WORK REQUEST: Look through the material below and show every line with the word "designed".

□ □ □ □ □ □ □

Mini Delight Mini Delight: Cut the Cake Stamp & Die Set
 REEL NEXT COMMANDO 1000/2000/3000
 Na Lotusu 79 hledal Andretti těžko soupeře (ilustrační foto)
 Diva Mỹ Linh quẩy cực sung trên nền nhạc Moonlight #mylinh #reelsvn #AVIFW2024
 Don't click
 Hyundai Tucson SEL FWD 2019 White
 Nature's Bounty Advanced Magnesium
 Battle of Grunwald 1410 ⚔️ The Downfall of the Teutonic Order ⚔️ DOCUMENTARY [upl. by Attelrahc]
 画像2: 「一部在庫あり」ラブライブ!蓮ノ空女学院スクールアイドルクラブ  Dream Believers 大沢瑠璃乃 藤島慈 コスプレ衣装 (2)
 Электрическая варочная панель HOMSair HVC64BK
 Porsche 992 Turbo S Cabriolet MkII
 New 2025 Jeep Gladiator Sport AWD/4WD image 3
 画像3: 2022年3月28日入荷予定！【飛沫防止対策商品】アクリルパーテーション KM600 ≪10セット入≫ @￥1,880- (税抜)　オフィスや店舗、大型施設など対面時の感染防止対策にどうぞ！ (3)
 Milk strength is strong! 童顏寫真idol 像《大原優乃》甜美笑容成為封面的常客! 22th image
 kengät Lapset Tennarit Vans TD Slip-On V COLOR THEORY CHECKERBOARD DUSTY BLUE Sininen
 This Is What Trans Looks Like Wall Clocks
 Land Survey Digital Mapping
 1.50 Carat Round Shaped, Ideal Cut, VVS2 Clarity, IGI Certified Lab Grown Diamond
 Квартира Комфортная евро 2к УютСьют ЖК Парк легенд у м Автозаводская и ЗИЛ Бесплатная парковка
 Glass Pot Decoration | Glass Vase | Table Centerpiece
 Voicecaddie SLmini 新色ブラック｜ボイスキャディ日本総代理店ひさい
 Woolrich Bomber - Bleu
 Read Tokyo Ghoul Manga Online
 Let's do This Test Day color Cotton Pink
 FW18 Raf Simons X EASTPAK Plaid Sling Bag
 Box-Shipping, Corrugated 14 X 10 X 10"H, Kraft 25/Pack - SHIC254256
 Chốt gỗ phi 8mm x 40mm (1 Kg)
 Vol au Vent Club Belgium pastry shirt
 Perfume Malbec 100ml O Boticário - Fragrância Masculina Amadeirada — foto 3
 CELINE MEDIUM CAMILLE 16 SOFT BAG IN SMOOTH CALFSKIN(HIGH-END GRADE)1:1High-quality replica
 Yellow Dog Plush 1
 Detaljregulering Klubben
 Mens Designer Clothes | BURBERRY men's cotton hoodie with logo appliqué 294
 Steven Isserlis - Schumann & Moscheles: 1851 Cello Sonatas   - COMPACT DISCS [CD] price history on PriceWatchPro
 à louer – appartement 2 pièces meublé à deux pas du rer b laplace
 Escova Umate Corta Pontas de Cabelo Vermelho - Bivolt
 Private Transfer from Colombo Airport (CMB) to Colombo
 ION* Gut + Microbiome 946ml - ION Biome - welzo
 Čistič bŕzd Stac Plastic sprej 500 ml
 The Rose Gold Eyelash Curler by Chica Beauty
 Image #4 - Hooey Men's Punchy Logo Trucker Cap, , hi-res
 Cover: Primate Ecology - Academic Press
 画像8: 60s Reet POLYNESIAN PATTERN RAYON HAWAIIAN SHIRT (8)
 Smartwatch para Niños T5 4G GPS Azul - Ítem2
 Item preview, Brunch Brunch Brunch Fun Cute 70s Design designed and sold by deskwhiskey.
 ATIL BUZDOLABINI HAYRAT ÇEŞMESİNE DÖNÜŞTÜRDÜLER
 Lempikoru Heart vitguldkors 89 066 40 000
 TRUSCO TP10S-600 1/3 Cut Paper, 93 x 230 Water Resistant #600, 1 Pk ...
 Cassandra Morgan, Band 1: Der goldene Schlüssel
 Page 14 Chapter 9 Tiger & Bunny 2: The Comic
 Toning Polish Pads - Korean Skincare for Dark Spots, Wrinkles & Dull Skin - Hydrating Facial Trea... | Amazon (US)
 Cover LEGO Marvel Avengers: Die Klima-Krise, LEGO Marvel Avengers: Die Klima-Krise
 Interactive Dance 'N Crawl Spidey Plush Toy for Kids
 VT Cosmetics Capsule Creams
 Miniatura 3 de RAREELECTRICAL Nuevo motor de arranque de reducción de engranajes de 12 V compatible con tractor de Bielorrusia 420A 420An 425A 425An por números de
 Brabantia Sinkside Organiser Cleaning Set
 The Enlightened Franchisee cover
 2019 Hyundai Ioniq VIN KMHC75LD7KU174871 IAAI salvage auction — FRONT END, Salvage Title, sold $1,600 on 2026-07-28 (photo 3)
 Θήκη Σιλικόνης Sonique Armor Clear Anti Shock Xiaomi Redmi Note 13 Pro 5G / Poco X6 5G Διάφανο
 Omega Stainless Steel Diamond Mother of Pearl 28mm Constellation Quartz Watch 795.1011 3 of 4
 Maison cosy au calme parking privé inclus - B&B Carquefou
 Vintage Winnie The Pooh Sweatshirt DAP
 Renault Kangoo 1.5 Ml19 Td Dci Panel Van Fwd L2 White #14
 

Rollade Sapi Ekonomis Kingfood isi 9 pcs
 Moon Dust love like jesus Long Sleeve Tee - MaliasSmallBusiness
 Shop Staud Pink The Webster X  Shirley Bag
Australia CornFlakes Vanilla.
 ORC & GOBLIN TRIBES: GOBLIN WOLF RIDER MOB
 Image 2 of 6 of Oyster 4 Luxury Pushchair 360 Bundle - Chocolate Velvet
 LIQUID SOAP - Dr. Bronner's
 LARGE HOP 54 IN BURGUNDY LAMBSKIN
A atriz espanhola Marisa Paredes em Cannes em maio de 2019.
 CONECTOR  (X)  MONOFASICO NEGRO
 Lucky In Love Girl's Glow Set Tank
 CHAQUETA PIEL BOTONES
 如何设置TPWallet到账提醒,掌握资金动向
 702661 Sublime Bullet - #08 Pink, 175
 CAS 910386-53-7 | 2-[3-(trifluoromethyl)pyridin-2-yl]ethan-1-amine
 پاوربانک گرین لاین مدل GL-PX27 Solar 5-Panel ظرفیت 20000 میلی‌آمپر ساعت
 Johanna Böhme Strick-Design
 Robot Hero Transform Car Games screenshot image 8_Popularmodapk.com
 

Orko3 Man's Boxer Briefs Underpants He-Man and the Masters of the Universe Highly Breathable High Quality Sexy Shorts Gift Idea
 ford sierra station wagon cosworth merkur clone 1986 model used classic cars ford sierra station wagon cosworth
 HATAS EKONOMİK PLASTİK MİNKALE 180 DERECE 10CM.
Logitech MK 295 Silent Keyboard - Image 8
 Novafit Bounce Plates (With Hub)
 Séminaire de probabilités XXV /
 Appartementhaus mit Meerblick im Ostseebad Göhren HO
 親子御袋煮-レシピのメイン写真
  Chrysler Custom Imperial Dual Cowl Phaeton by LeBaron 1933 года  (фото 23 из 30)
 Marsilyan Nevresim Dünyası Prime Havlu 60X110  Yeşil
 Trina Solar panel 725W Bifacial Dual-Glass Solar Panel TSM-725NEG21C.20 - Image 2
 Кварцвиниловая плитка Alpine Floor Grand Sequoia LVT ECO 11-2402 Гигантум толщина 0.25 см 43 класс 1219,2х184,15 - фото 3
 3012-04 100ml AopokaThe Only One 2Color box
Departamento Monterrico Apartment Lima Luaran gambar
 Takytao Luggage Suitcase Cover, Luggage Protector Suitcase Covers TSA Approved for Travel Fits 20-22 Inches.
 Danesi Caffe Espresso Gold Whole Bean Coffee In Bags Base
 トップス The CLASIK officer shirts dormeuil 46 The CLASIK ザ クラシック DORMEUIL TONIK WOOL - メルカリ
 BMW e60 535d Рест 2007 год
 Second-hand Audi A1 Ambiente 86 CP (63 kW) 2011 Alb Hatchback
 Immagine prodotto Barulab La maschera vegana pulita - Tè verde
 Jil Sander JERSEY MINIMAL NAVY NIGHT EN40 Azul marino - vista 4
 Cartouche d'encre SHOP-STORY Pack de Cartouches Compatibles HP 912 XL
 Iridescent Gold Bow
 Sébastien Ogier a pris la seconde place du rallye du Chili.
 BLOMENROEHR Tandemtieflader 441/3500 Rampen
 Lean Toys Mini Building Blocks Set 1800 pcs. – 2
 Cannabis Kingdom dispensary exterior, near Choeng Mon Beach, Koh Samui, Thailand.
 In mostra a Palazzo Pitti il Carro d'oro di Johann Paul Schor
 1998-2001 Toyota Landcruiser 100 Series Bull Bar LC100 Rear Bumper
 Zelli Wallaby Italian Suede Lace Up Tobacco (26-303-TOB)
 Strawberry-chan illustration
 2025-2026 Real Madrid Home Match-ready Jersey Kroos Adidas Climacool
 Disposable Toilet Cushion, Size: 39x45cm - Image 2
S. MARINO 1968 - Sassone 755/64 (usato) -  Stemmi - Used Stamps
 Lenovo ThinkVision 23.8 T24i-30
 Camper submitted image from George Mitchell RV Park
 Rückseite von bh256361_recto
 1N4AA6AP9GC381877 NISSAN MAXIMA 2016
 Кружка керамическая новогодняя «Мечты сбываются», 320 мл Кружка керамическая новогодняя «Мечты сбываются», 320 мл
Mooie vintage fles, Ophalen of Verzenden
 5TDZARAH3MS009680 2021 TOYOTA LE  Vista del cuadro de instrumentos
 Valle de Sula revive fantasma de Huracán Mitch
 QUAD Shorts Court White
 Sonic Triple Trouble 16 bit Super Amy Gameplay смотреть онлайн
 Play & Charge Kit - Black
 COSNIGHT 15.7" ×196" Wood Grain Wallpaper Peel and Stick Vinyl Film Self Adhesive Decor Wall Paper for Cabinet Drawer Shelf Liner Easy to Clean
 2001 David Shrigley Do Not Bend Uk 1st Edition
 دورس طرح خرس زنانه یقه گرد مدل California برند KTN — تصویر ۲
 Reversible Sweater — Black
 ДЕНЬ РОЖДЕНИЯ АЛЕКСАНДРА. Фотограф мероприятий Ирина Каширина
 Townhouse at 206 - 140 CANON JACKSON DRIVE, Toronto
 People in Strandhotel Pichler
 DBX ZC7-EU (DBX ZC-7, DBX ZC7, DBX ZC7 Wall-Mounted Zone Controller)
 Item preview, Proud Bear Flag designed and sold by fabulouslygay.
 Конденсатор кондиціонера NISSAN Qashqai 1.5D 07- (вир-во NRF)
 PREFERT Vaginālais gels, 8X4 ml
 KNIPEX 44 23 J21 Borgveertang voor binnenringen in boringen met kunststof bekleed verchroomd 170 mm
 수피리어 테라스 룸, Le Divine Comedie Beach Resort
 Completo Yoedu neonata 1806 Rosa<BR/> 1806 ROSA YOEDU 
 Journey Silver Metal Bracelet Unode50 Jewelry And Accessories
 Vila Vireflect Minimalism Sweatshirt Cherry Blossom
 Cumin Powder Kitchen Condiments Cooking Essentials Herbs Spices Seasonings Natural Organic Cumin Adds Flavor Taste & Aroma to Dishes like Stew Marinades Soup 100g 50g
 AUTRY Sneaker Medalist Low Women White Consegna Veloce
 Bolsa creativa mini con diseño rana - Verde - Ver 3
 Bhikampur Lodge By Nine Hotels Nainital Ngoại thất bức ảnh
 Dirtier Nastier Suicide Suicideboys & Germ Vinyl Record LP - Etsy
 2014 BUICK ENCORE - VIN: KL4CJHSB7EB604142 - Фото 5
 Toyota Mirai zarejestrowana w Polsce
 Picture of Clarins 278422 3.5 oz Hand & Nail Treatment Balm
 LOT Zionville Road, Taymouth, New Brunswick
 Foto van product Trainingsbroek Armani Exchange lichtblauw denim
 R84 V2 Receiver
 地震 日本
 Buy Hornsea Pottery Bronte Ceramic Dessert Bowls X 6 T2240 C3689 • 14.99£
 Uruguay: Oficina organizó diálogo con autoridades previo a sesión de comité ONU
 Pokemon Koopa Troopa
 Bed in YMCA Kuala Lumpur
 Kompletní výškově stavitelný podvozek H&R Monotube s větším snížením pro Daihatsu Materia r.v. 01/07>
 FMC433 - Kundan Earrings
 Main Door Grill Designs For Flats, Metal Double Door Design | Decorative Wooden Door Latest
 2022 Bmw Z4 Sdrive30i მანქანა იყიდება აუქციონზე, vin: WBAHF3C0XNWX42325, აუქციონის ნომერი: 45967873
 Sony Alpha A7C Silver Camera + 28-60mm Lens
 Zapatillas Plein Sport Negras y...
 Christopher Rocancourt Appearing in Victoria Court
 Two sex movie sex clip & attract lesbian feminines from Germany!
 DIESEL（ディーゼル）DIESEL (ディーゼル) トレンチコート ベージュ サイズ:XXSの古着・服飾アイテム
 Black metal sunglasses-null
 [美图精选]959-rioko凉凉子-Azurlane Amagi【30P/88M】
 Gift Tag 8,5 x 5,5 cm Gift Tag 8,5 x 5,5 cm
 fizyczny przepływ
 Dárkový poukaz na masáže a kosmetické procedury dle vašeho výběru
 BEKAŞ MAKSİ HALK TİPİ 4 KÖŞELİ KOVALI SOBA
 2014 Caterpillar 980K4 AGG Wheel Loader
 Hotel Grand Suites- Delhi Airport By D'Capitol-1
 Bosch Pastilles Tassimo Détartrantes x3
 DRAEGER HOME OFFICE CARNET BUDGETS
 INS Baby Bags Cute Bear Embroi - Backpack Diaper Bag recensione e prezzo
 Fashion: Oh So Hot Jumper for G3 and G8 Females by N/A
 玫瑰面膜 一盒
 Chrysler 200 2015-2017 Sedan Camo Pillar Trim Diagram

□ □ □ □ □ □ □

RESPONSE TO THE EXERCISE:
 Item preview, Brunch Brunch Brunch Fun Cute 70s Design designed and sold by deskwhiskey.
 Item preview, Proud Bear Flag designed and sold by fabulouslygay.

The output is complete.